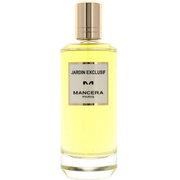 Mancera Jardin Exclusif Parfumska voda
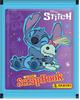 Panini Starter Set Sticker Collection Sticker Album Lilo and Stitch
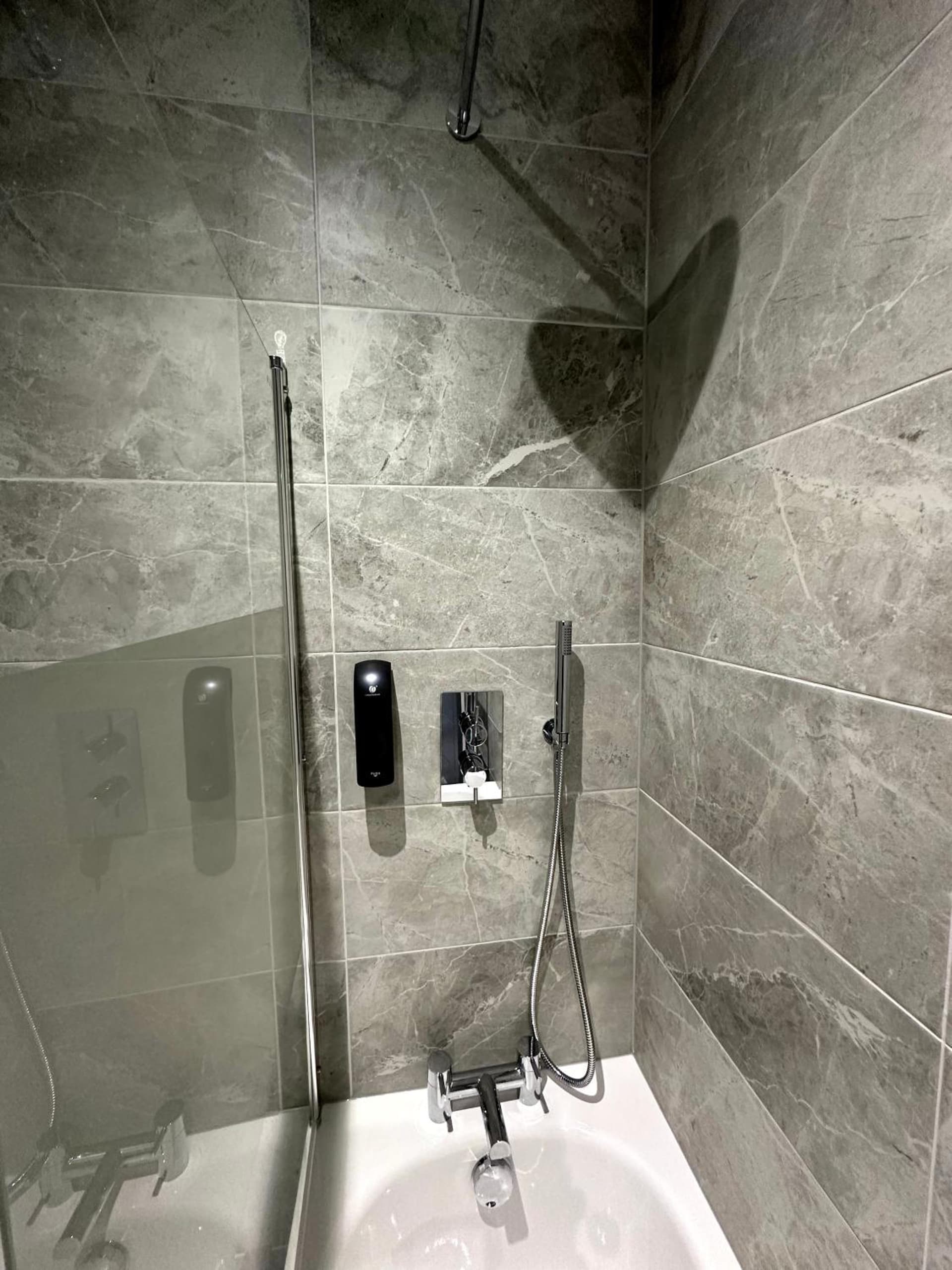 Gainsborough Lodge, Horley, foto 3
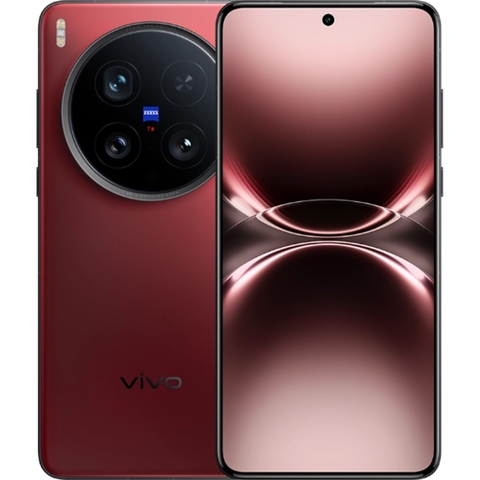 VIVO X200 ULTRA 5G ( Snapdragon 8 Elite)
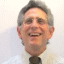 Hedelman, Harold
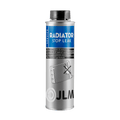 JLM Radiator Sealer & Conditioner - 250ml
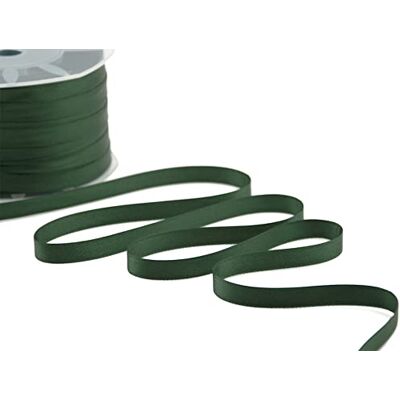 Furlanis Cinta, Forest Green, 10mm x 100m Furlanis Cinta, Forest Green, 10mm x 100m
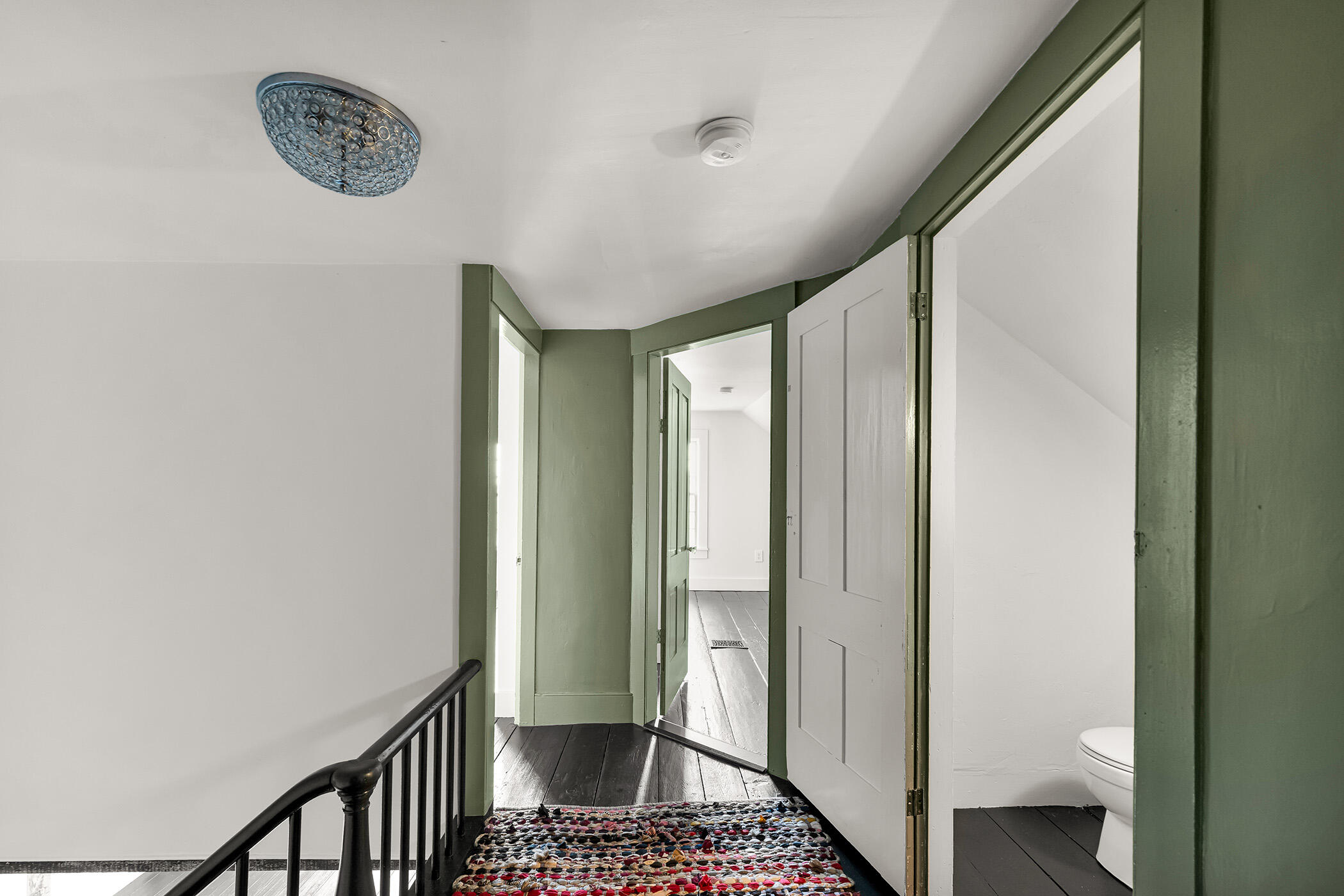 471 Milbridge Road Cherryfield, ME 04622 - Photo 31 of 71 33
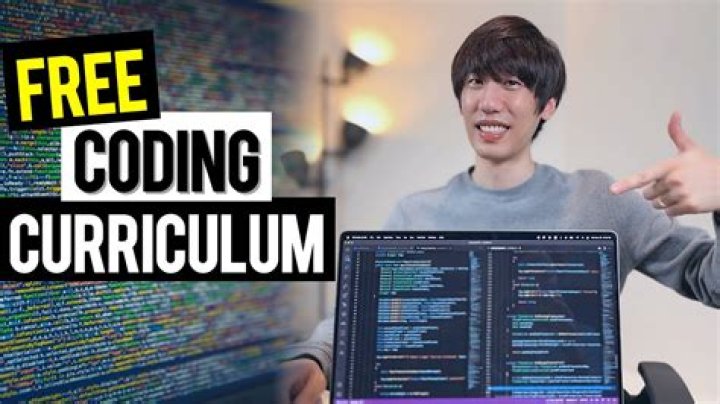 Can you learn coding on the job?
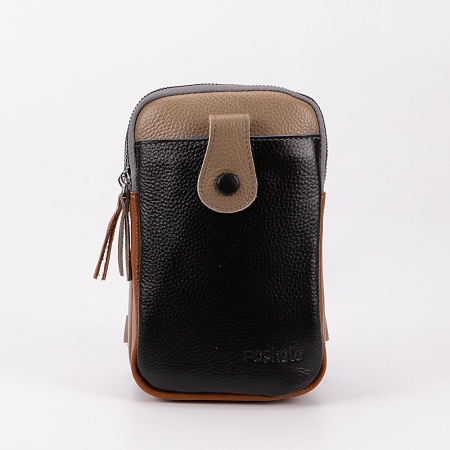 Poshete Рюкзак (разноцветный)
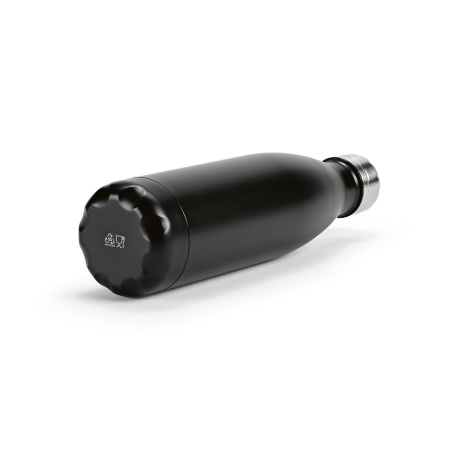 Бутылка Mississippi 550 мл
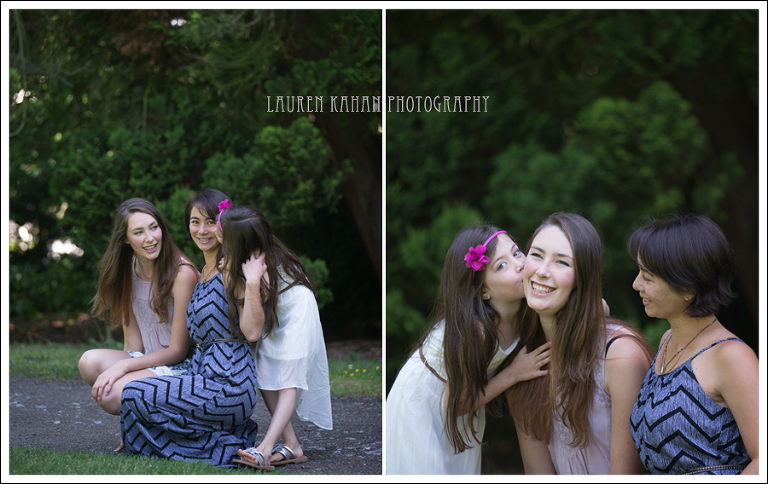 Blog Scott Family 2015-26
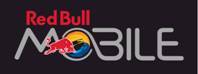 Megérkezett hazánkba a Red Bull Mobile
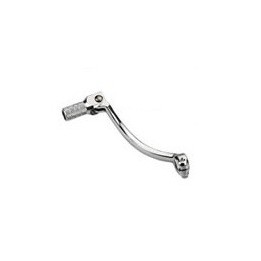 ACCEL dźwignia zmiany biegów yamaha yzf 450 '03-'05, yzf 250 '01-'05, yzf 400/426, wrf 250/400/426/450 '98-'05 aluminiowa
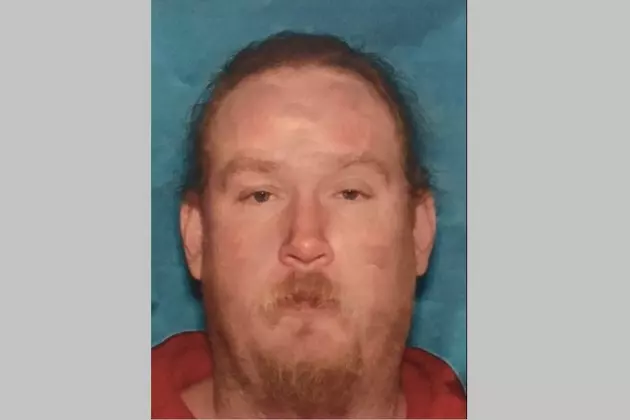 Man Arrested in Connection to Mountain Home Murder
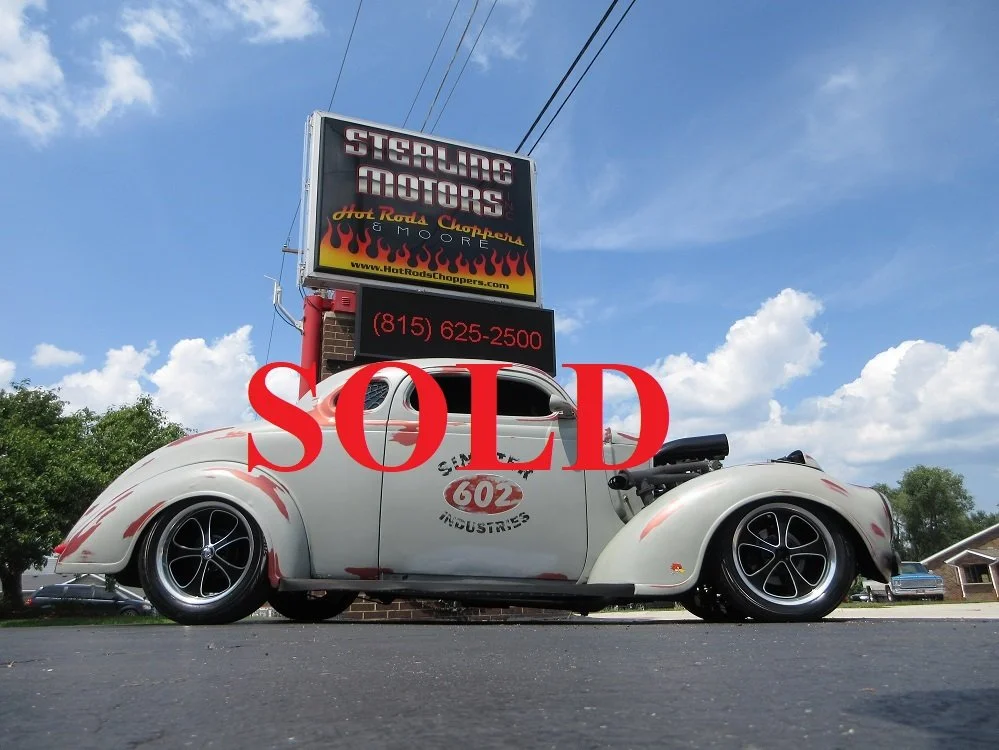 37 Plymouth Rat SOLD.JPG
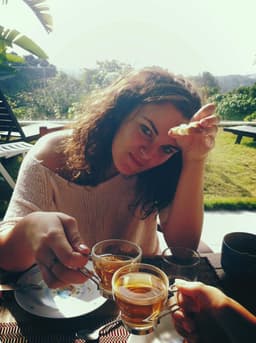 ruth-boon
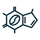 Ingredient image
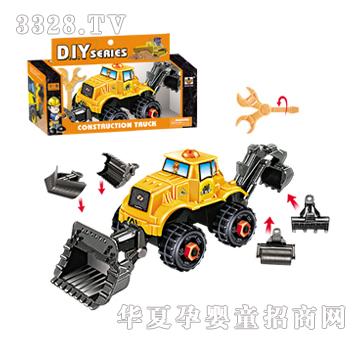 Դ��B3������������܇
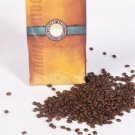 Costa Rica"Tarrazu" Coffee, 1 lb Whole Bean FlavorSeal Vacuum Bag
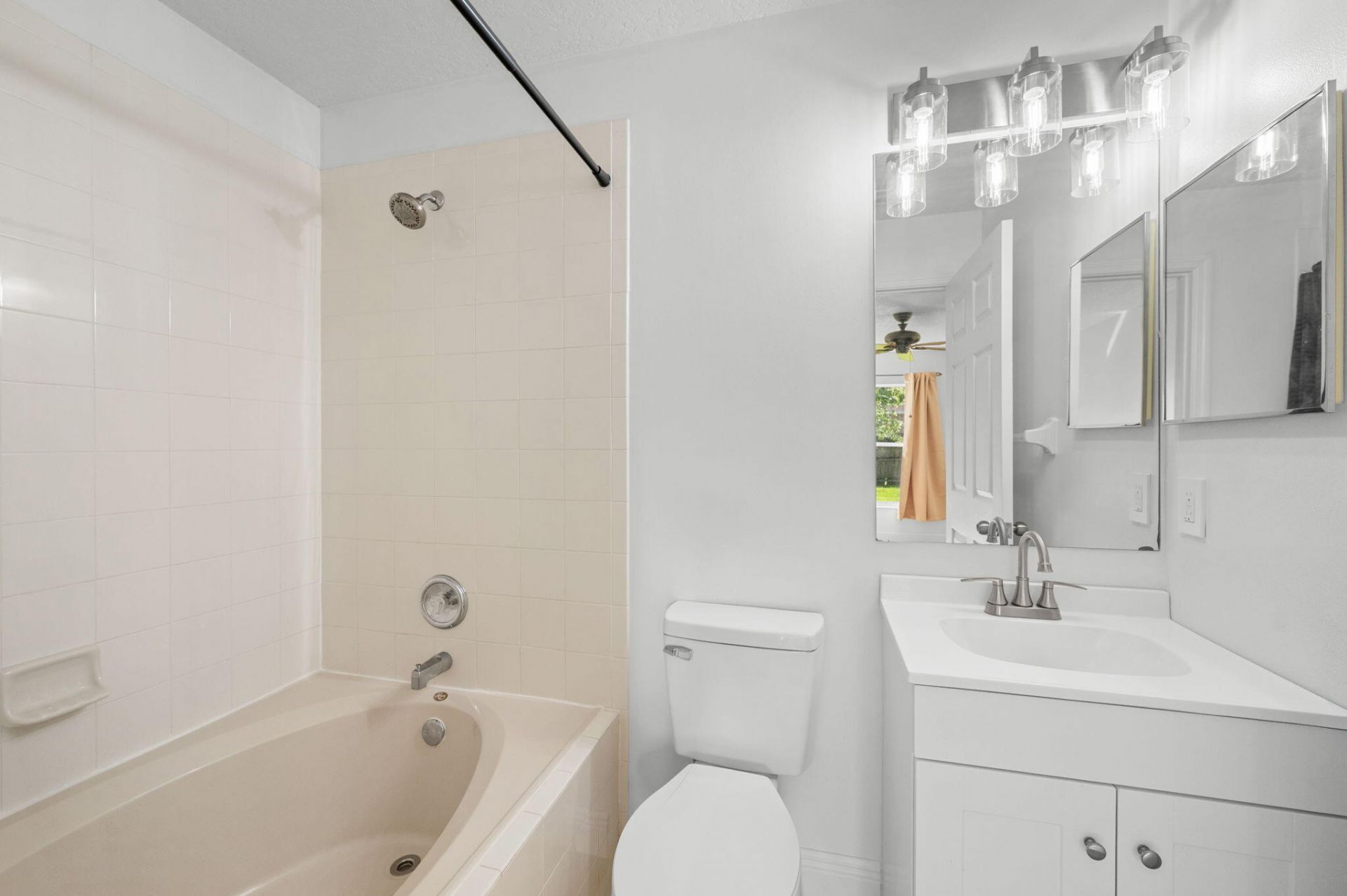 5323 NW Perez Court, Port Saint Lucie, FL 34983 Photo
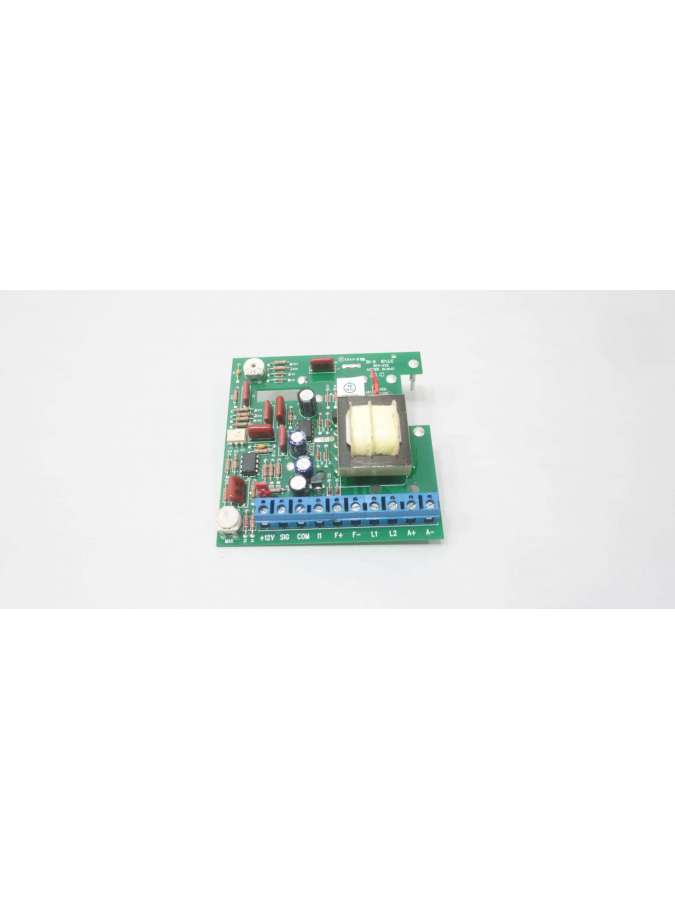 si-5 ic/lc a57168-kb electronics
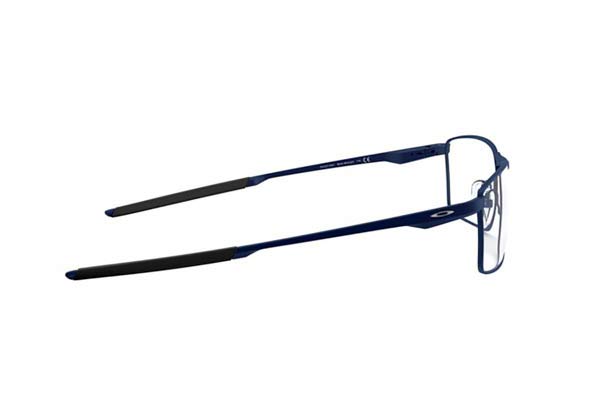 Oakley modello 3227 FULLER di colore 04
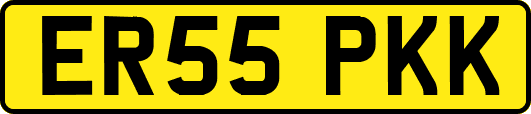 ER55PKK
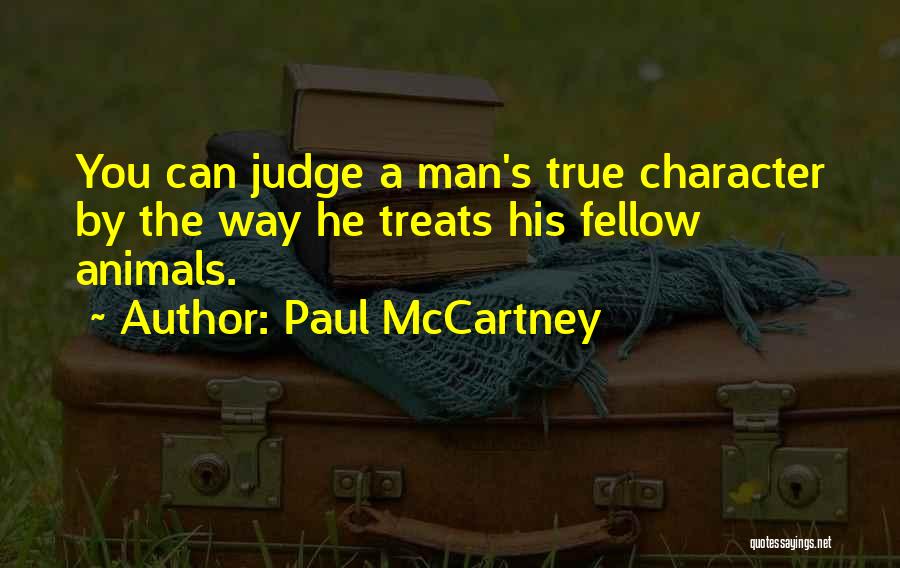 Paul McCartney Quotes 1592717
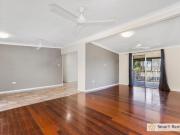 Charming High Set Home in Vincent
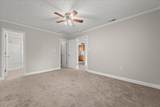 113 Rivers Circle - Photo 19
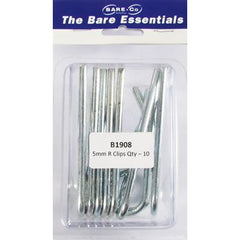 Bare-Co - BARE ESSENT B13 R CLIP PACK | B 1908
_ _ _
#### Exercise
Give the data again exactly as it appears, but without any images.

#### Written answer
 Mancera Jardin Exclusif Parfumska voda
 Panini Starter Set Sticker Collection Sticker Album Lilo and Stitch
 Gainsborough Lodge, Horley, foto 3
 VIVO X200 ULTRA 5G ( Snapdragon 8 Elite)
 Hedelman, Harold
 JLM Radiator Sealer & Conditioner - 250ml
 Furlanis Cinta, Forest Green, 10mm x 100m Furlanis Cinta, Forest Green, 10mm x 100m
 471 Milbridge Road Cherryfield, ME 04622 - Photo 31 of 71 33
 Can you learn coding on the job?
 Poshete Рюкзак (разноцветный)
 Бутылка Mississippi 550 мл
 Blog Scott Family 2015-26
 Megérkezett hazánkba a Red Bull Mobile
 ACCEL dźwignia zmiany biegów yamaha yzf 450 '03-'05, yzf 250 '01-'05, yzf 400/426, wrf 250/400/426/450 '98-'05 aluminiowa
 Man Arrested in Connection to Mountain Home Murder
 37 Plymouth Rat SOLD.JPG
 ruth-boon
 Ingredient image
 Դ��B3������������܇
 Costa Rica"Tarrazu" Coffee, 1 lb Whole Bean FlavorSeal Vacuum Bag
 5323 NW Perez Court, Port Saint Lucie, FL 34983 Photo
 si-5 ic/lc a57168-kb electronics
 Oakley modello 3227 FULLER di colore 04
 ER55PKK
 Paul McCartney Quotes 1592717
 Charming High Set Home in Vincent
 113 Rivers Circle - Photo 19
 Bare-Co - BARE ESSENT B13 R CLIP PACK | B 1908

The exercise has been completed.